Statuant sur les questions à elle soumises par la 'High Court of Justice, Queen's Bench division, Divisional Court' par ordonnance du 30 juillet 1979, dit pour droit :

1. L'article 9 de la directive 64-221-CEE du Conseil du 25 février 1964 impose aux Etats membres des obligations qui peuvent être invoquées devant les juridictions nationales par les justiciables.

2. a) La directive laisse aux Etats membres une marge d'appréciation pour la désignation de 'l'autorité compétente'. Peut être considérée comme telle toute autorité publique indépendante de l'autorité administrative appelée à prendre une des mesures prévues par la directive, organisée de manière que l'intéressé ait le droit de se faire représenter et de faire valoir ses moyens de défense devant elle.

b) Une proposition d'expulsion faite par une juridiction pénale lors d'une condamnation en vertu de la législation britannique peut constituer un avis au sens de l'article 9 de la directive, à condition que les autres conditions de l'article 9 soient réunies. La juridiction pénale doit notamment tenir compte des dispositions de l'article 3 de la directive en ce sens que la seule existence de condamnations pénales ne peut automatiquement motiver des mesures d'éloignement.
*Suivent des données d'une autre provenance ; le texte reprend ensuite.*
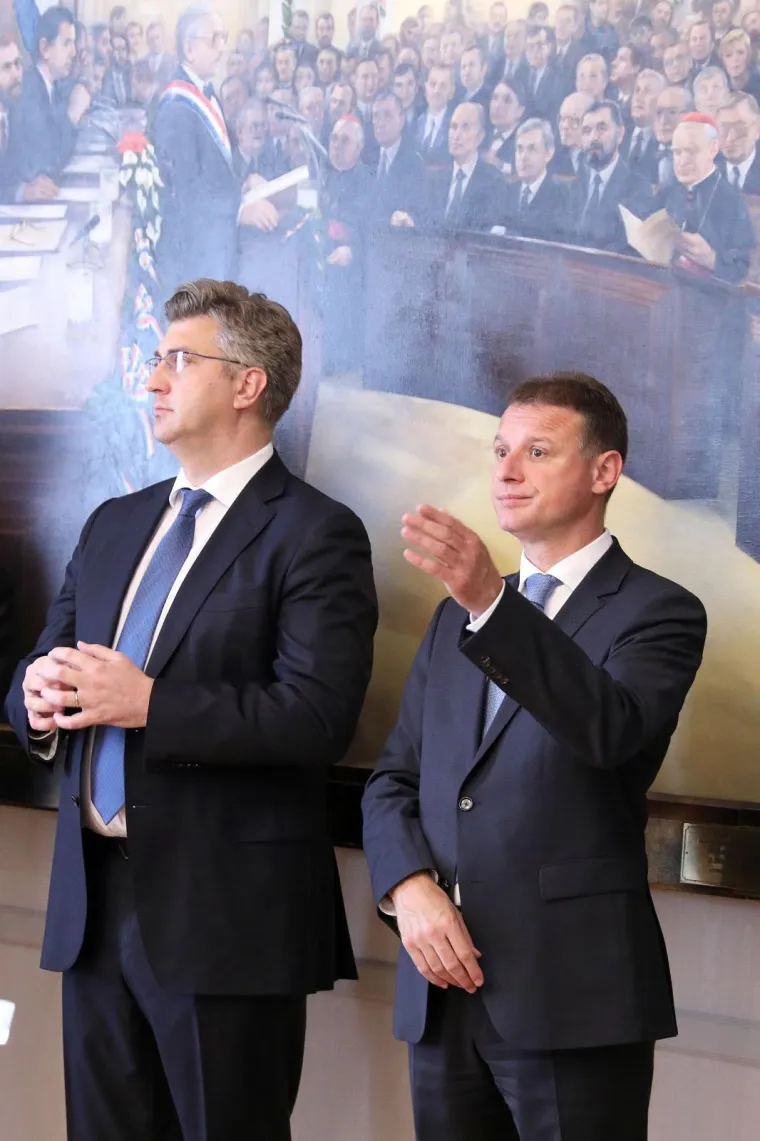 OKUPLJANJE DRŽAVNOG VRHA: Održan svečani prijem povodom Dana Hrvatskog sabora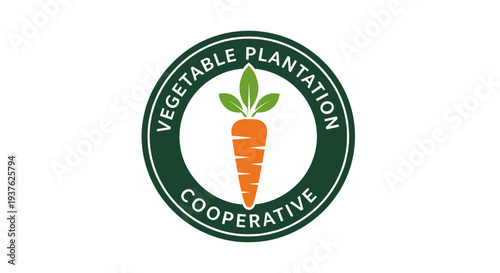 Carrot Logo Design for Vegetable Cooperative.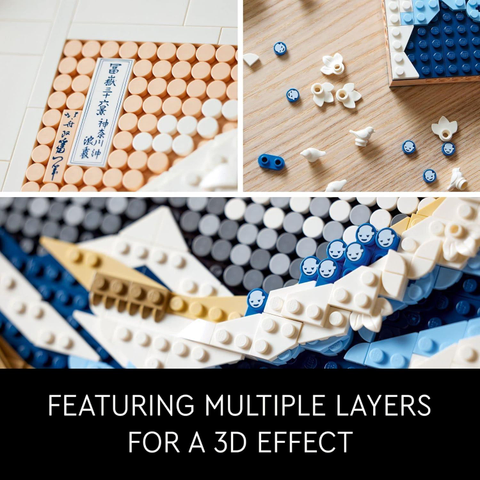 Bring one of the most iconic artworks of the last two centuries to life with the LEGO Hokusai - The Great Wave set, a great gift for lovers of classic paintings and Japanese wall art.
3. a) L'avis de 'l'autorité compétente' doit être suffisamment proche dans le temps de la décision d'éloignement pour donner l'assurance qu'il n'existe pas de nouveaux éléments susceptibles d'être pris en considération, et tant l'autorité administrative que la personne concernée doivent - toujours sous réserve du cas où des motifs intéressant la sûreté de l'Etat visés par l'article 6 de la directive s'y opposeraient - être en mesure de connaître les raisons qui ont amené 'l'autorité compétente' à émettre son avis.

b) Un laps de temps de plusieurs années entre la proposition d'expulsion et la décision de l'autorité administrative est de nature à priver la proposition de sa fonction d'avis au sens de l'article 9. En effet, il importe que le danger social découlant de la présence d'un étranger soit apprécié au moment même où la décision d'éloignement doit être prise à son égard, les éléments d'appréciation, notamment en ce qui concerne le comportement de l'intéressé, étant susceptibles d'évoluer au cours du temps.